“Buy on bad news, sell on good news,” goes an old stock market adage that people like John Templeton or Warren Buffett took to heart and got rich. For the time being, market players hear virtually nothing but glad tidings from the housing market in Berlin. While this does not necessarily imply that now is the time to sell your houses or apartments in Berlin, property owners are well advised to give it serious thought.
Week after week, the good news for investors keep pouring in:
- According to the recent survey “Emerging Trends in Real Estate Europe 2015,” Berlin is the most popular investment location for international investors. Since 2006, the Urban Land Institute and the auditing firm PwC have polled 500 market experts in Europe. London, which used to be the star performer, slipped five spots down this year and currently ranks tenth. Inversely, Berlin ascended three ranks to take the lead.

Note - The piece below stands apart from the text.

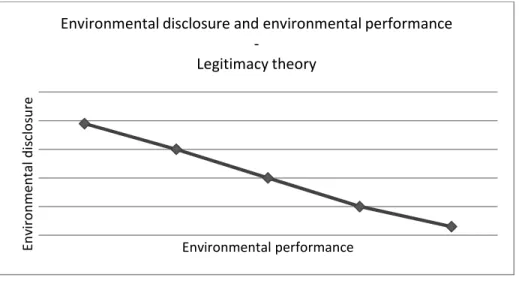 Figure 2- 2: The association between environmental performance and environmental disclosure- Legitimacy theory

- A recent survey by the world‘s largest estate agency CBRE concluded that rents in Berlin grew by 6.6 percent last year. Compared to the year before (+6.9 percent), the growth rate slowed but slightly. Condominium prices are going through the roof. In Neukölln, they rose by 17.4 percent last year! Sales in the segment of multi-family residential buildings increased by 15 percent year on year, while the transaction volume soared by a sensational 41 percent. Berlin also took the top spot in the residential portfolio segment: Here, the investment volume equalled 7.5 billion euros or a 31.5 percent share in Germany‘s total investment volume.

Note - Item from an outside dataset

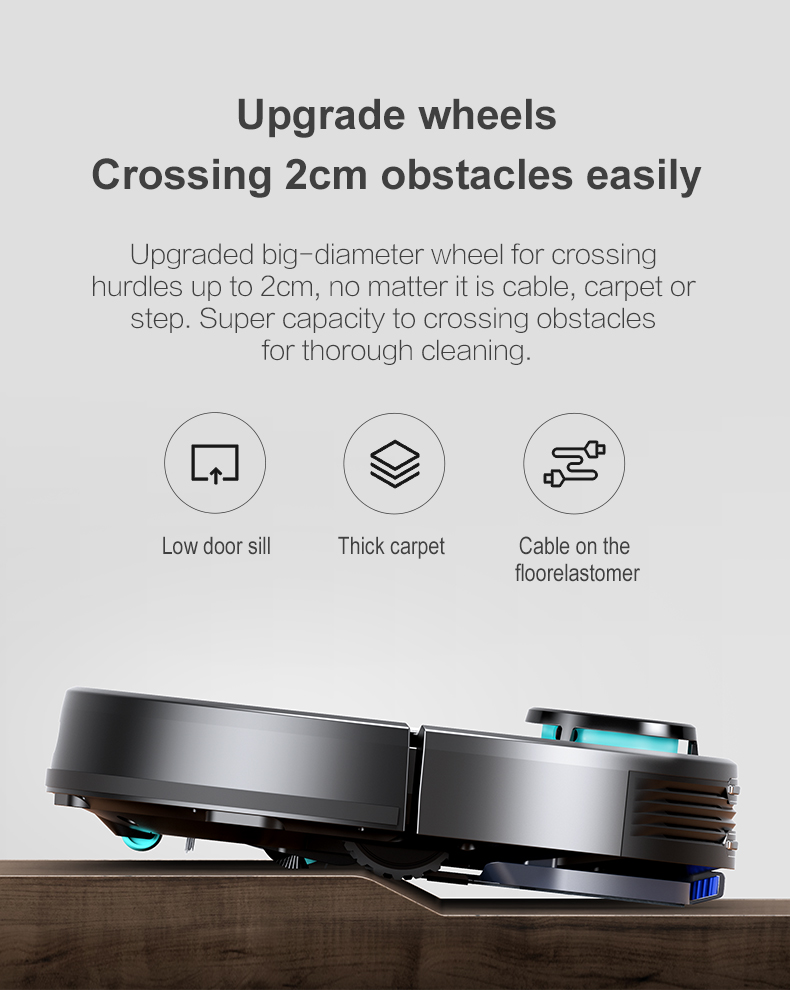 Xiaomi VIOMI V2 Robot Vacuum Cleaner 2150Pa Suction 3 Cleaning Mode LDS Sensor APP Virtual Wall Self-charging - Gray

- The market fundamentals appear to vindicate the keen interest among investors. The number of new residents registered in Berlin last year exceeded the number of people unregistering by 44,742, according to the State Office for Statistics. In the years before 2009, the balance never crossed into the five-digit range.
So the euphoria is understandable. My feeling, however, is that some negative developments have yet to be factored into the prices, most notably the rent freeze. Many market players continue to ignore this latest piece of rent control legislation.
If you own a block of flats whose rents will have little upside left once the rent freeze becomes effective because the passing rent is already close to the local reference rent, you should now consider selling your property. This is all the more advisable if you could sell at a price-to-rent multiplier of 24 (times the annual net rent) or more. To be sure, word that the rent freeze is coming has spread among the market players. But not everyone is taking it as serious as they should, and not everyone has done their math to find out how the new law will impact the rent upside of their properties.
The tendency to screen out detractors during boom times is a phenomenon common to all markets. And just like with the equity market, it is virtually impossible to get in at rock bottom and to get out exactly at peak cycle. But if you feel mentally fit to cope with the possibility that prices could keep going up for a while after you sold, you should now look into your options to sell.